On Monday, our group of rabbis and communal leaders from the Jewish Federation of Greater Washington, spent the day in Montgomery. We visited the Rosa Parks Museum. I was moved to see the resolution passed by the Montgomery Improvement Association announcing the bus boycott.
I marveled at the feats of community organizing behind words, typewritten on pages now the color of klaf, holy parchment. “We call upon your conscience, both moral and spiritual, to give your wholehearted support to this undertaking. We believe we have a just complaint and we are willing to discuss this matter with the proper officials.”

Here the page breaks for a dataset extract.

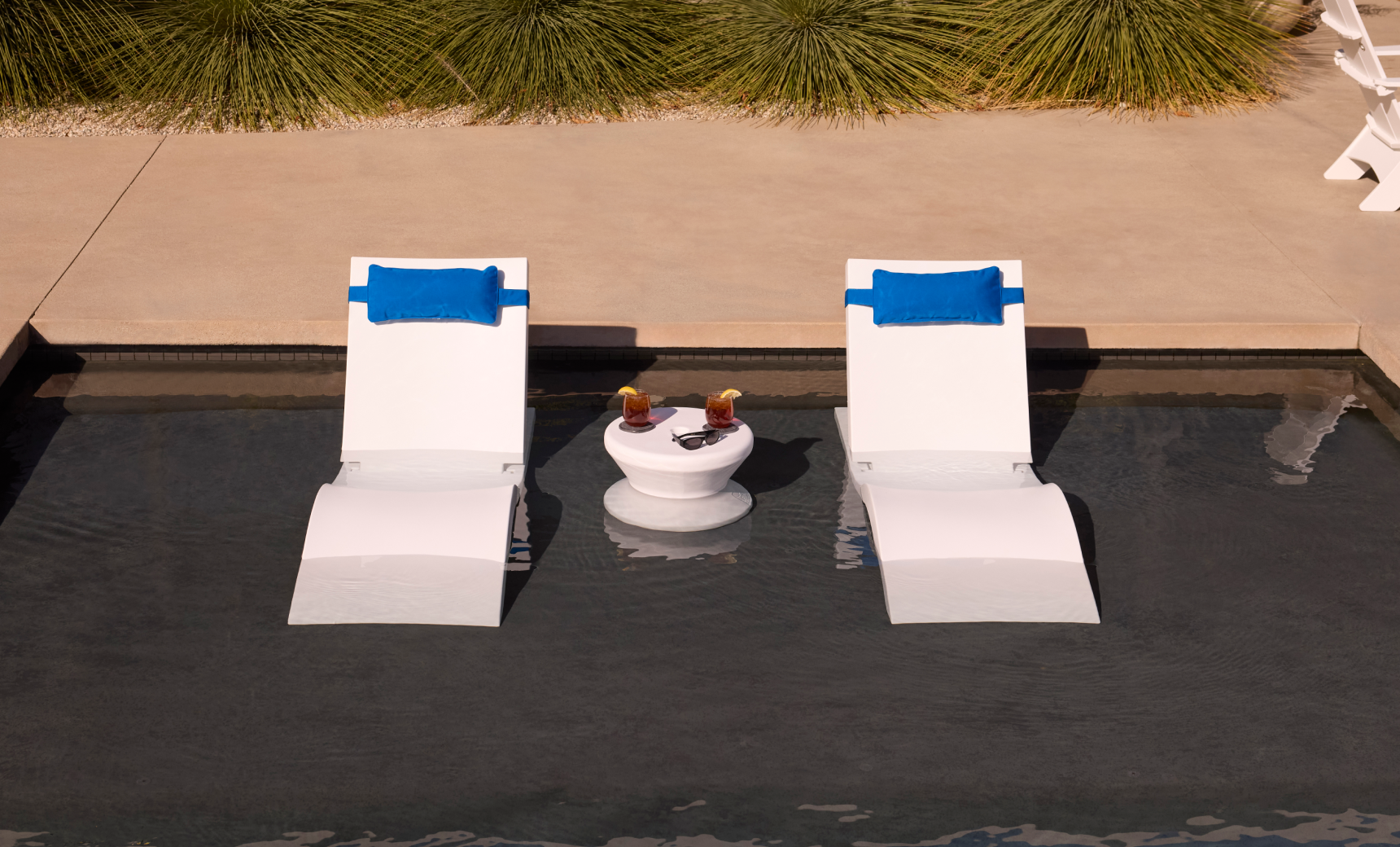Ledge Lounger Adjustable Chaise with Pillows and Side Table In-Pool / Patio Set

We visited the Dexter Avenue Baptist Church parsonage, where Reverend Dr. Martin Luther King, Jr., lived with his family and where he and Coretta Scott King held many gatherings for the church and the movement. We stood on holy ground on January 30th, 67 years to the day when a bomb was thrown at the Kings’ home, when his daughter, Yolanda, was just seven weeks old. We saw the dent in the floor of the porch where it hit.
We had an incredible guide, Avis Dunbar-Smith, who grew up in the church and is a leader in the community today. She shared memories of visiting the parsonage as a child. She told us where the couch and piano used to be when the King family lived there. She remembered going to church when Reverend King would return to give sermons, how he always remembered her name.
Avis’ grandfather was the first Black dentist in Montgomery. She met with us the day before her retirement after 17 and a half years working for a congressman of Alabama. When we told her we were from Washington, she reminisced about attending President Obama’s first inauguration. She has helped many people in her career.
We stood in Dr. King’s study where he wrote his sermons, and in his kitchen where he had an epiphany one night, after the phone rang at 3 am with a death threat. There in his kitchen, God spoke to him. He described:
“I could hear an inner voice saying to me – Martin Luther, stand up for righteousness. Stand up for justice. Stand up for truth. And lo I will be with you, even until the end of the world. .. He promised never to leave me alone.”
After our tour, we stood on the porch and we prayed with Avis. We sang words from the Song of the Sea – our journey to collective liberation still unfolding.